KENDAL AND WINDERMERE RAILWAY.

* * * * *

TWO LETTERS

RE-PRINTED FROM THE MORNING POST.

REVISED, WITH ADDITIONS.

* * * * *

KENDAL: 

PRINTED BY E. BRANTHWAITE AND SON.

[1844.]

NOTE.

See Preface in Vol.  I. for details on these Letters, &c.  G.

SONNET ON THE PROJECTED KENDAL AND WINDERMERE RAILWAY.

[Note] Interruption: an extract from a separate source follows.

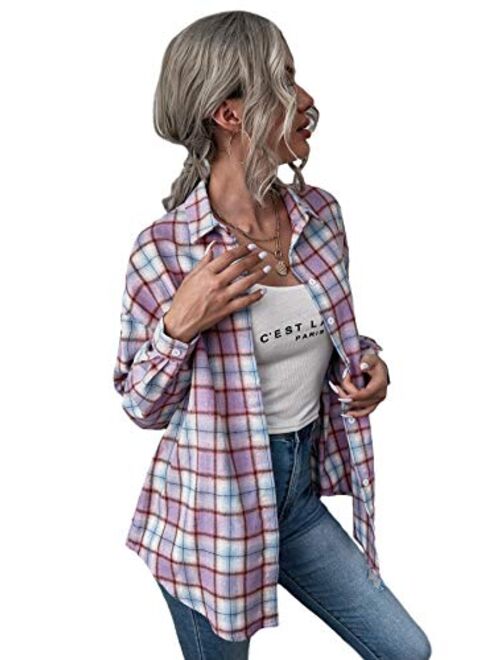 MakeMeChic Women's Plaid Shirts Oversized Flannels Shacket Jacket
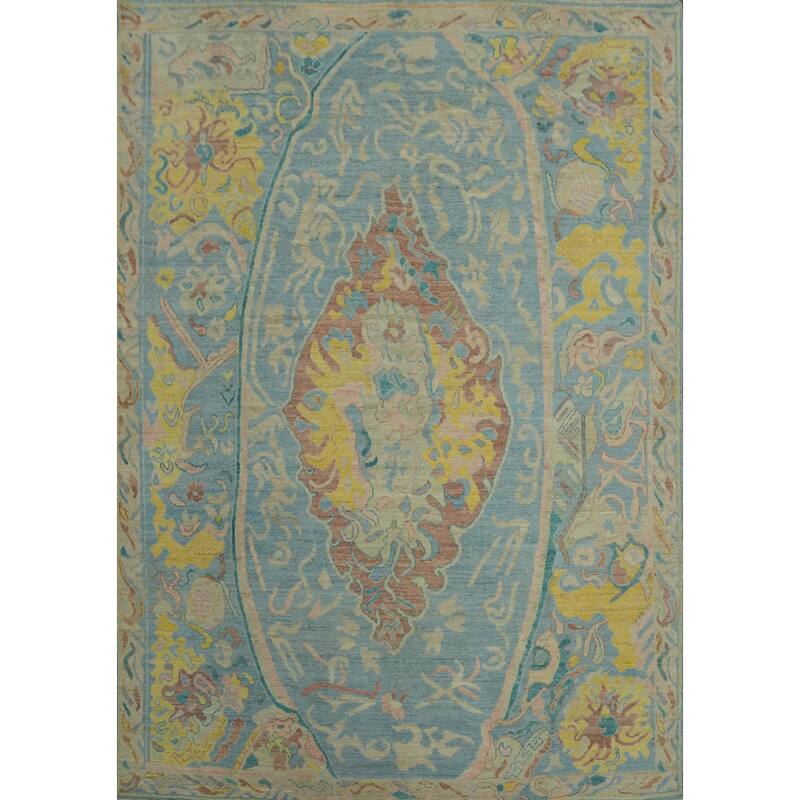 Handmade Blue Floral Oushak Vegetable Dye Area Rug, Medallion Carpet - 9' 9'' X 8' 2''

    Is then no nook of English ground secure
    From rash assault?  Schemes of retirement sown
    In youth, and mid the busy world kept pure
    As when their earliest flowers of hope were blown,
    Must perish;—­how can they this blight endure? 
    And must he too the ruthless change bemoan
    Who scorns a false utilitarian lure
    Mid his paternal fields at random thrown? 
    Baffle the threat, bright Scene, from Orrest-head
    Given to the pausing traveller’s rapturous glance: 
    Plead for thy peace, thou beautiful romance
    Of nature; and, if human hearts be dead,
    Speak, passing winds; ye torrents, with your strong
    And constant voice, protest against the wrong.

     WILLIAM WORDSWORTH.  Rydal Mount, October 12th, 1844.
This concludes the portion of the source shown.